The conversation got me thinking about how often this has happened to me.  Unrecognized?    Over the years, not just in transition, one of my life lines has been feedback from thinking individuals.   Many times I embraced their advice wholeheartedly.   Sometimes I adopted another’s view of me or my newest idea.  Maybe I was wrong?  Ever waded into this pool?

Maybe Steve Jobs had it right.  He acted on his heart’s passion without a care for the often negative advice he got from others.    Maybe we need to comport ourselves like a well-functioning United Nations, taking in all perspectives and actually signing joint accords.   Which side wins?
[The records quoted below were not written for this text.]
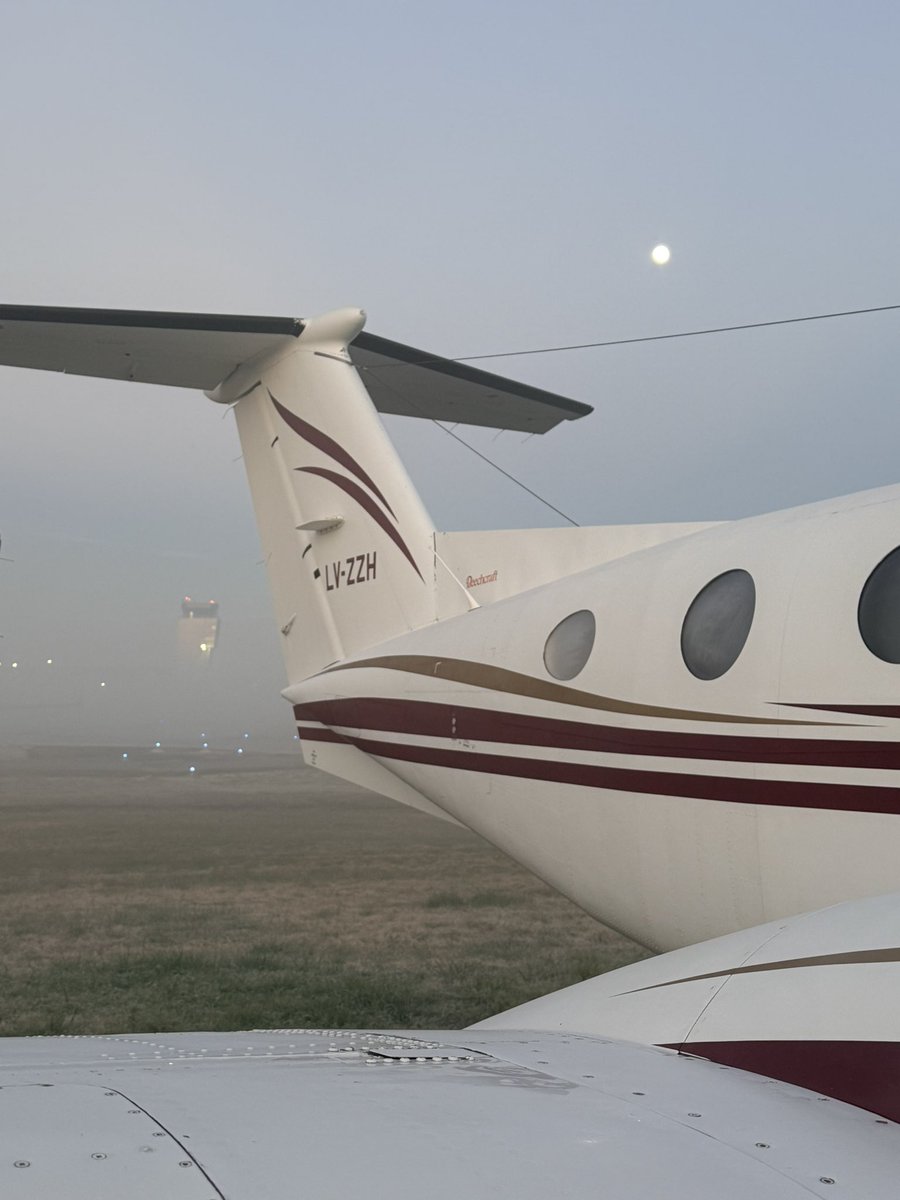 cflupianez's tweet photo. Frío, no…… Frío hacía ayer, hoy no …..
El Grandote, entre la Luna, la Niebla y la Helada…..
Buen Miércoles.
#beechcraft #beechcraftb200 #beechcraftkingair #kingair #kingair200 https://t.co/lX47hKhk21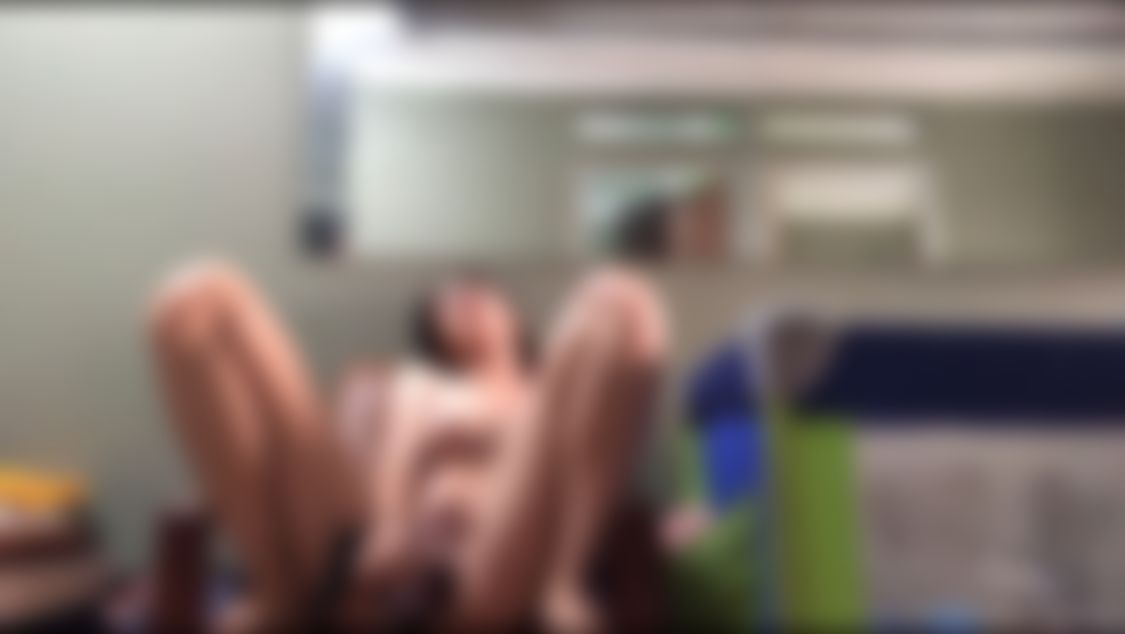 babyalicia : Masturbation on chair🥵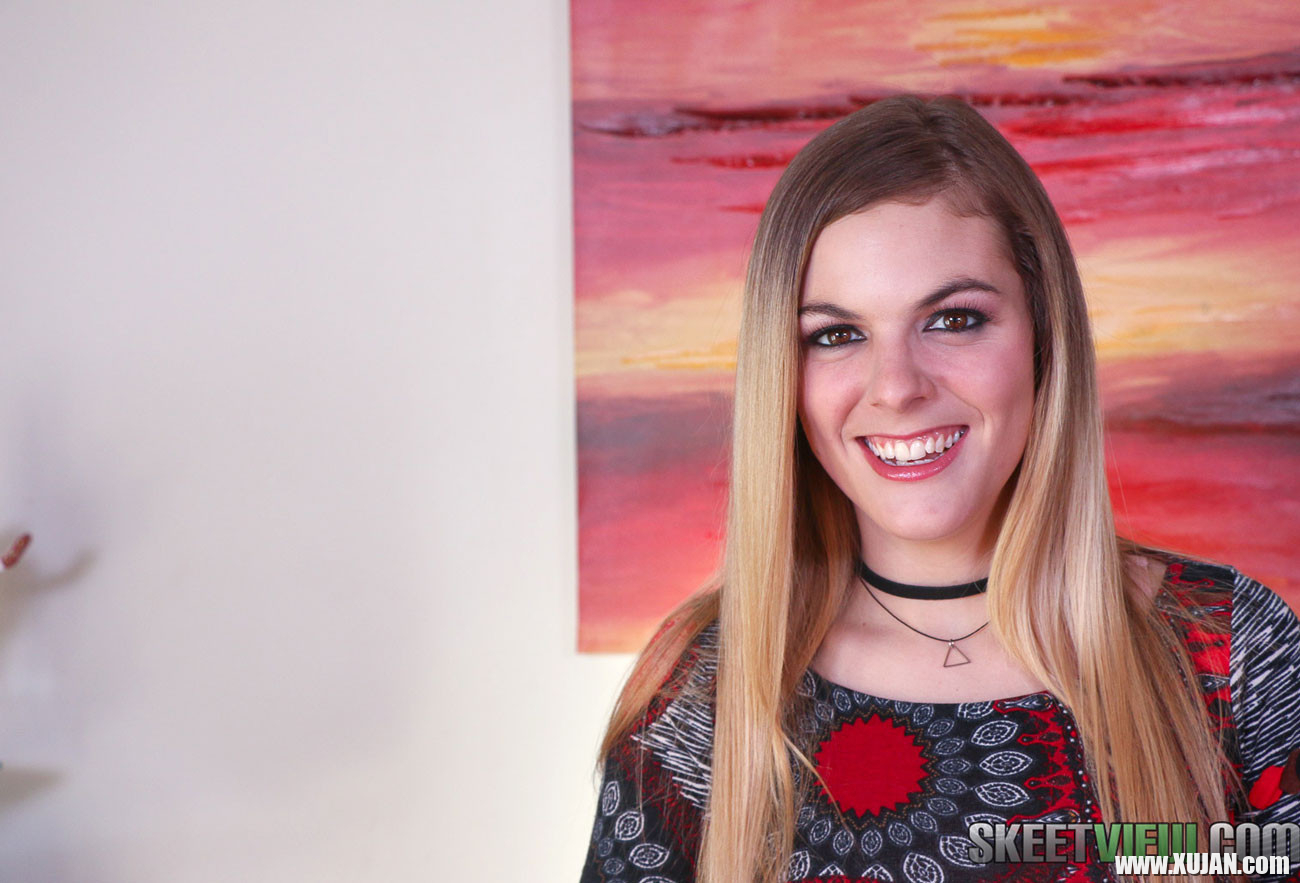 Kendra sucks til she gets a face full of cum - Photo #3030276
When?

Here is a funny story.  Before accepting my last job I outreached to several advisors to get their opinion.   The proposed job would cause me to move from technology industry P&L leader to HR executive in a large S&P 500 company.  Practically neighbors, right?

One conversation was a conference call with a technology muckety muck who knew me well.   I started the call by outlining the quirky job offer that I had received.  He listened politely.  Then he delivered a zinger….

Pink graveyard.’    So went his advice regarding my potential opportunity.   Interesting.  I’d never heard of the term before.  He couldn’t fathom why I’d consider this…walking back from my hard-earned P&L fights in the technology arena.   He listened as I told him that with two kids under two I didn’t have the energy to jump on airplanes to help my team chase a revenue number every quarter.  I reasoned that HR/Admin gave me the only seat in the C-suite outside of the CFO without revenue responsibility.   Somehow it didn’t compute at the time that with 21,000 employees in 37 countries, revenue responsibility or not, I’d be traveling.

The point of it is that I didn’t embrace his advice. Here was a credible source who knew me.  So why didn’t I listen?

Anna Fells’ offers a view through her assessment of ambition in Necessary Dreams, Novofemina’s Summer Book Review #8.   In it she posits that recognition, a critical element of ambition, requires “appreciation by another person that feels accurate and meaningful to the recipient.” (Necessary Dreams, pg 9)  So too advice I believe.

Herminia Ibarra in Working Identity, Novofemina’s Summer Book Review #9, offered, albeit unwittingly, a sobering thought on advice.  In her book she advocates for a series of experiments as the core element in productive change or transition.  But she notes that barriers to change “can include our preconceived notions about viable work arrangements AND our existing connections like family members.”  (Working Identity, pg 83)   The advice we receive may come free of charge but with hard to see accoutrements.  Can you identify biases, unintended or not?

Did my friend’s technology lens blur his ability to offer me sound advice?  I wonder the same thing about the budding entrepreneur and her industry feedback. I wonder how many retail executives told Jeff Bezos in 1999 that he was out of his mind?  Amazon did $12.8 Billion in revenue in Q2 2012.

My experience in HR was far from a pink graveyard.    Post zinger friend got to the really tough question,  ‘What do you want to do?’  My guess is that if we strip away the market feedback and the rationalizations…my entrepreneurial friend might just need to hear that question too.   How about you?